Professor finds the number of articles viewed in research libraries falls right after the NCAA Tournament field is announced.

Basketball crazies aren't necessarily doing much homework.

Millions of Americans, including President Obama, fill out their "brackets" when the NCAA Tournament field is announced each March, but does that really affect their work? It certainly appears to, at least among a segment of the population who use research libraries, a Duke University professor has found.

Charles Clotfelter, Z. Smith Reynolds Professor of Public Policy at Duke's Sanford School of Public Policy, used data from 78 research libraries in the U.S. to determine the number of articles viewed from February through April in 2006, 2007 and 2008. The number of articles viewed on Monday through Wednesday of those weeks averaged more than 1,000 a day per library.

Clotfelter found that the number of articles viewed through the JSTOR digital repository of academic journals increased an average rate of 5 percent a week in the weeks leading up to "Selection Sunday," but fell 6 percent in the week right after the NCAA field was announced. The following week, library usage resumed its increase, at a rate of 3 percent a week.

"I observed similar patterns in each of the three years, 2006 to 2008, and the post-selection dip occurred both in libraries not connected to universities with Division I teams as well as those with them," said Clotfelter, who is currently writing a book about the role of big-time athletics in American universities. "This drop in research activity in these libraries is quantitative evidence of the NCAA tournament's power to influence patterns of work."

Clotfelter also measured the impact of library usage at universities whose teams won "toss-up" games, those with no clear favorite, and compared that to schools that lost such games.
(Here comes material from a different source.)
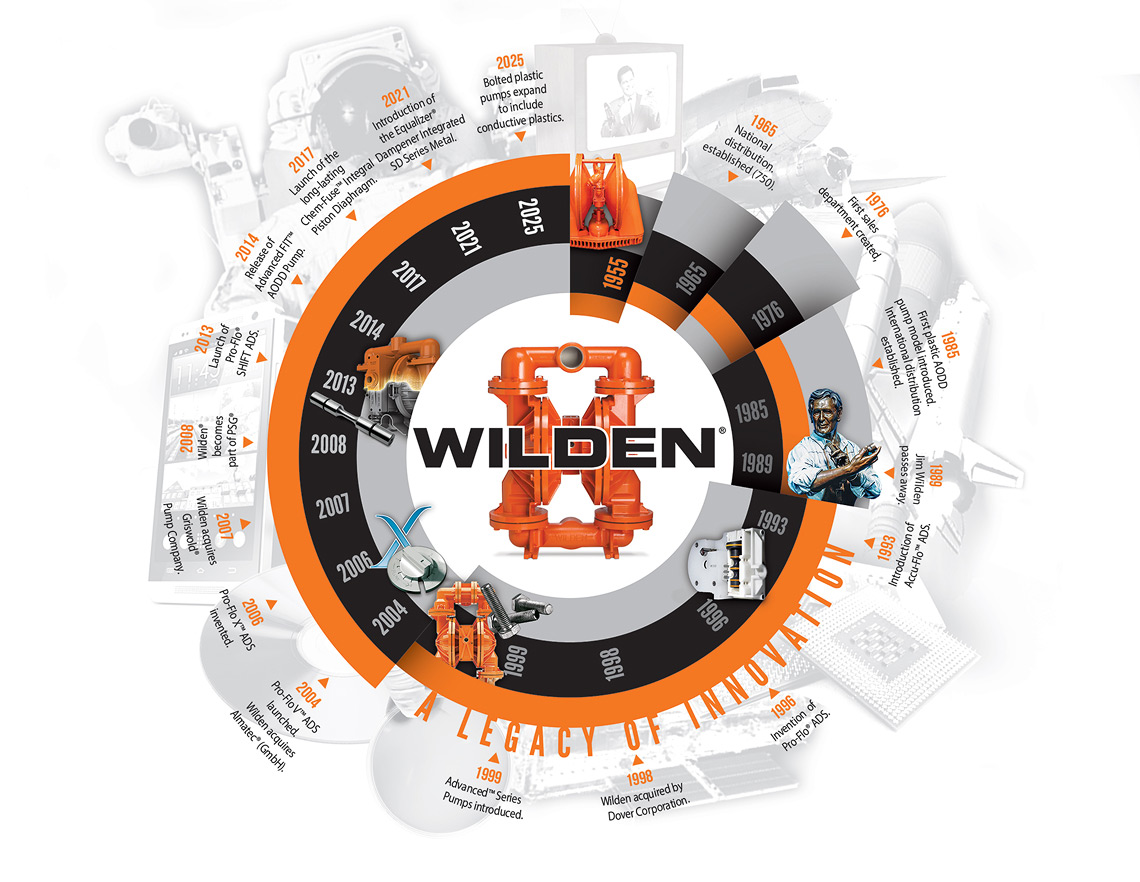 A chart of Wilden history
He found that at winning schools, daily article viewing fell by 10 percent in the seven days after the game and even more, 14 percent, through the end of the tournament, compared to schools whose teams lost these games.

"By all appearances, fans of losing teams shook off the disappointment and returned to work in greater numbers or with greater diligence, while the fans of winning teams continued to follow their team into the next round," he said. "Such an effect would imply an ironic sort of ‘winner's curse,' where students and researchers at universities whose teams win unexpectedly do less work than those whose favorite teams are also-rans."

In 2008 an estimated 37 million workers participated in "March Madness" office pools, and CBS, which owned the rights to broadcast the tournament on television and other media, reported that 4.8 million people used video and audio streaming on their computers to follow games, Clotfelter noted. "Examining the amount of work done in research libraries before, during and after the tournament can provide a window for assessing whether such a media event effect is real or imagined," he said.